5) It helps if you can imagine what events looked like to the people at the time. An example from within living memory – imagine you’re a German shop keeper, mechanic or accountant in 1936. Are you saying to yourself: “I think I’ll support this Hitler fellow because he’ll launch a massive doomed war that’ll cost millions of my fellow Germans their lives, and march 12 million Jews, gays, gypsies, communists and the people that stand up for them to the gas chamber”? Or, rather, are you thinking “We need a strong leader in these desperate economic times, somebody not afraid to stand up to the enemies of a strong Germany and do what needs to be done! Enough of these limp-wristed wind bags we’ve been electing lately!”? Or – what? The first way of thinking is not only almost certain to be wrong in almost all cases, it paints Germans as monsters. We’re not monsters – so we comfort ourselves – so we needn’t worry that we’d fall for the kind of rhetoric Hitler used. Right?
Here’s an extreme case. By no means am I claiming this is the whole story, but it’s a big part of the story that is routinely omitted from popular discussions:
Imagine your country has been invaded and conquered by a ruthless foreign army. During the early stages of the occupation, any sign of opposition to the regime gets you promptly executed, including simply clinging to the ancient culture you’ve inherited. Many thousands have died. Order is brutally imposed and enforced.
Neighboring countries narrowly escape conquest. They hear the horror stories as refugees stream into their territories, and, in the few places where the enemy has been repulsed, they can see for themselves how the conquered peoples have been treated. They are both terrified and horrified. They mount a counter-attack.

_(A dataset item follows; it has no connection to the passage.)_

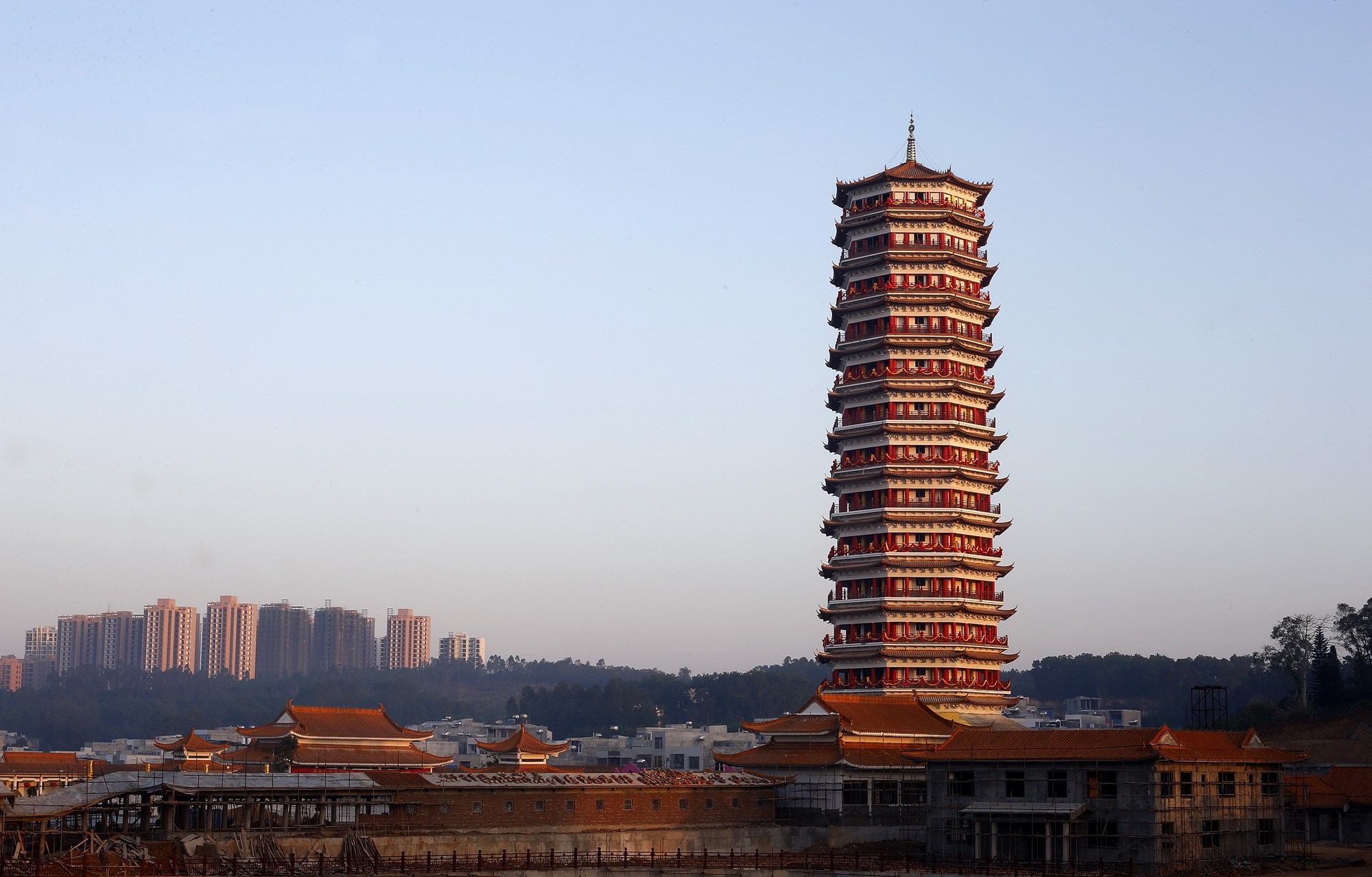 金山寺萬(wàn)佛長(zhǎng)壽藥師塔
金山寺萬(wàn)佛長(zhǎng)壽藥師塔高89.97米,宏偉壯麗,是海南最高的佛塔。其構(gòu)成為地上13層,地下室2層,建筑面積8547平方米。地下一層為地宮,供奉舍利;地上各層建有藥師殿、菩薩殿、藥師延壽殿、藥師福壽殿、藥師福綠殿、藥師福壽吉祥殿、藥師七佛殿、唐卡展示區(qū)、觀光層和藥師本愿功德經(jīng)一至十二等。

The battle rages for years. Whenever conquered territories are liberated, the newly freed people flock to the cause. Finally, after a long and bloody war, the invaders are defeated.The celebration is deafening, the heroes immortalized in story and song.

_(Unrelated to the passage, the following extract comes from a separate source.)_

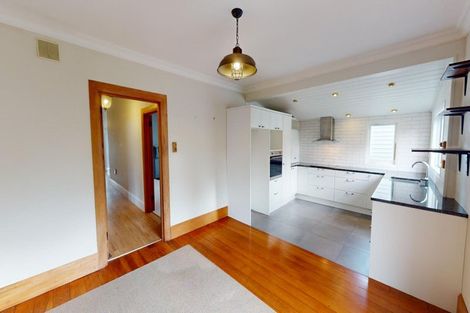 Photo of property in 11 Hereford Street, West End, Palmerston North, 4410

As is the case in every war, there were collaborators. Understandably, the people who resisted, and who fought and won the war, loath them. Lynch mobs break out. People die. Worst of all – and this also happens in every war – men of bad will start flinging accusations around, and use the post-war emotions as a means to get unpopular people killed, and their wealth seized.
The local religious authorities reluctantly get involved. They attempt to set up some war trials, in order to keep innocent people from suffering mob violence. At the same time, there were plenty of real collaborators and sympathizers, people whose cooperation helped keep the enemy in power. These people, when found, are handed over to the authorities. Over the course of several years, several thousand people are convicted and handed over to death.

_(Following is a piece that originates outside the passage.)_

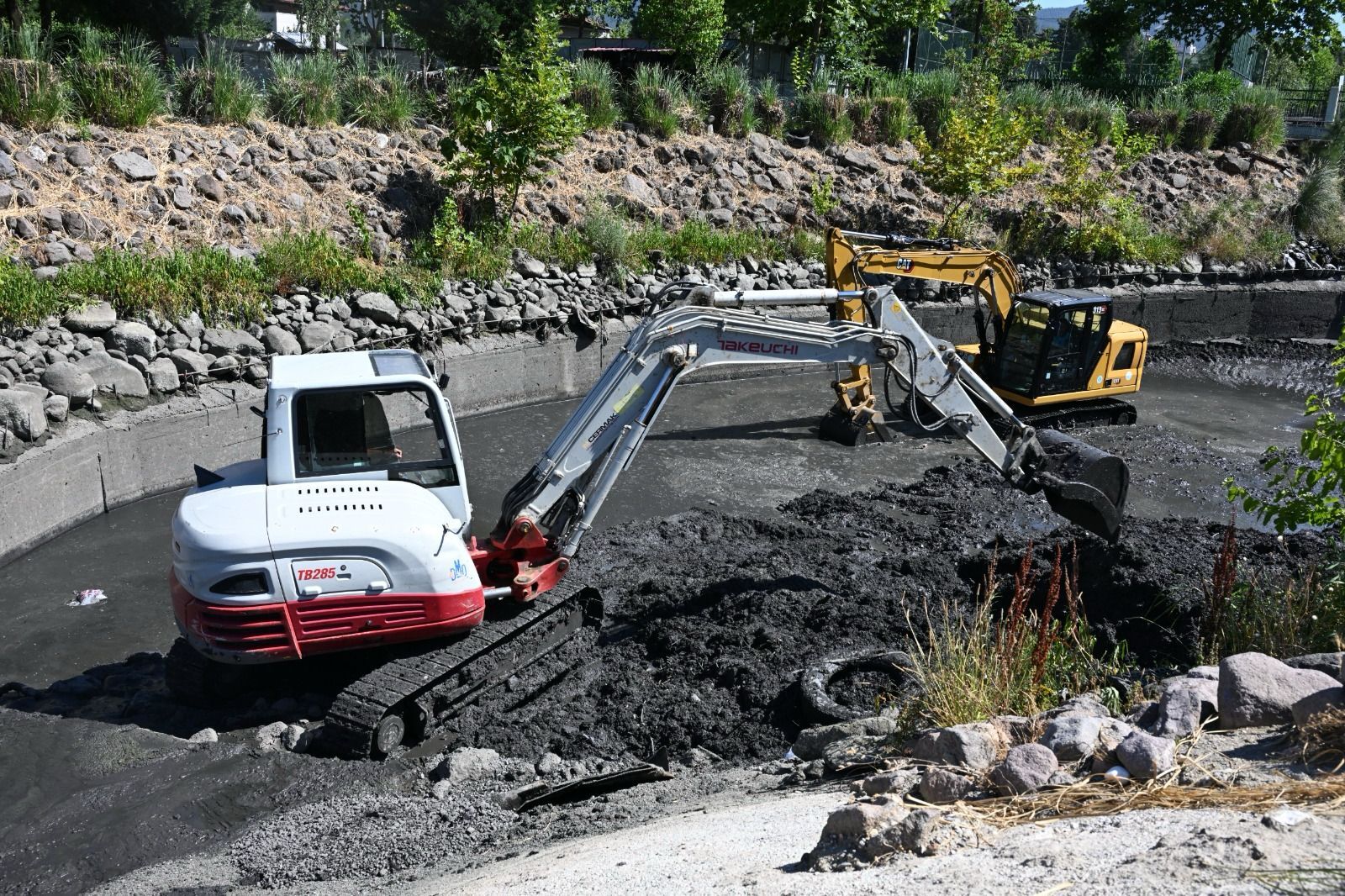 Safran Deresi Temizleniyor, Atatürk Kent Parkı Nefes Alıyor (2)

This is a pretty accurate high level description of the Islamic conquest of Spain, the Reconquista and the Spanish Inquisition (at least, the parts of the Inquisition that took place during and immediately after the Reconquista). Sure, there’s more to the story: the trials under the Inquisition radically fail our ideas of fairness (although they looked pretty good by comparison to their historical antecedents), it’s very likely that many of the trials were motivated by revenge, greed, bigotry, and so on, and, once the Islamic invaders felt more secure, they did lighten up on the summary execution thing, the legendary flowering of Sephardic Jews took place under their rule. (Of course, this is the very thing that got Jews in general labeled collaborators – because many of them, by all accounts, certainly were. However sympathetic we are to the tough spot Spanish Jews found themselves in, it’s also important to see things from the viewpoint of the Christian Spaniards as well.)